The CEL didn’t not turn off on re-start of the car, but when I read the codes, P0011 had gone, I was left only with P0550 (my next investigation – power steering!) so I’m not overly concerned about that, one thing at a time, I think it’s positive that it removed P0011 on its own.

It has previously taken about 6 days between resetting the codes to them popping back up, so I guess a waiting game now to see how it goes. It felt fine on a quick test, but time will tell the eventual result one way or the other.

Thanks for your help so far, it’s been great to get some insight and advise. I’ll update if anything changes, or if it stays well, fingers crossed.

Thanks,

Mike


----------



## quadraria10 (Jul 6, 2010)

Glad you got then installed so easily. As you mention you need to be a bit of a contortionist for the crankshaft sensor, and it probably helps to be thin and tall lol.
Codes related to the sensors usually disappear after you replace the sensor-- did so on mine for the crankshaft sensor and an O2 sensor. I am sure you have solved that issue.
Now of course its tracking down the issue with the power steering. I haven't heard of many problems relating to it, but unless you have a problem with a leak, or fluid, it could be a sensor once again.
Quick check shows this to be the part number.

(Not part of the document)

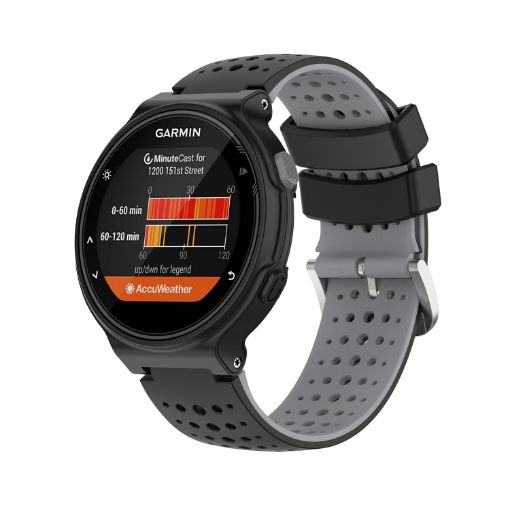 Garmin Approach S6 Silicone Sports Watch Band Black Grey - 1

49763-6N20A Power Steering Pressure Sensor Assembly

Once again this is a part that was used on other Nissan and Infiniti models, and even if the X trail does not show in some part listings its mainly because it does not exist in American data bases as it was never sold there. So if you need to buy this sensor widen your search abit as the price difference can be 4 or 5 times the price or more. On rock auto their options are all around $140 or so, Amazon shows it at 100+ and they also sell aftermarket ones for $17 + shipping. 

And while this is for a 2004, it should be similar and help you 
https://ownersmanuals2.com/nissan/x-trail-2004-repair-manual-power-steering-system-section-ps-38695

Good luck with it.


----------



## quadraria10 (Jul 6, 2010)

Just to confirm the part number above is the correct one for your X trail, and 49763-6N20A is as well for both Nissan and Infiniti parts

http://nissan4u.com/parts/info/497636N200/ 

here is the diagram
http://nissan4u.com/parts/x_trail/e...ing_and_power_steering_piping/illustration_1/

Because it was used in so many models, and it is so rare to hear about problems with it, in your shoes if I have access to a pick and pull yard or a scrap yard, I would find a used one. In my neck of the world that would cost something like $6. But that said, I suspect the problem might well not be the sensor.


----------



## Mike99295 (Mar 21, 2019)

Once again, many thanks for the prompt reply and helpful info!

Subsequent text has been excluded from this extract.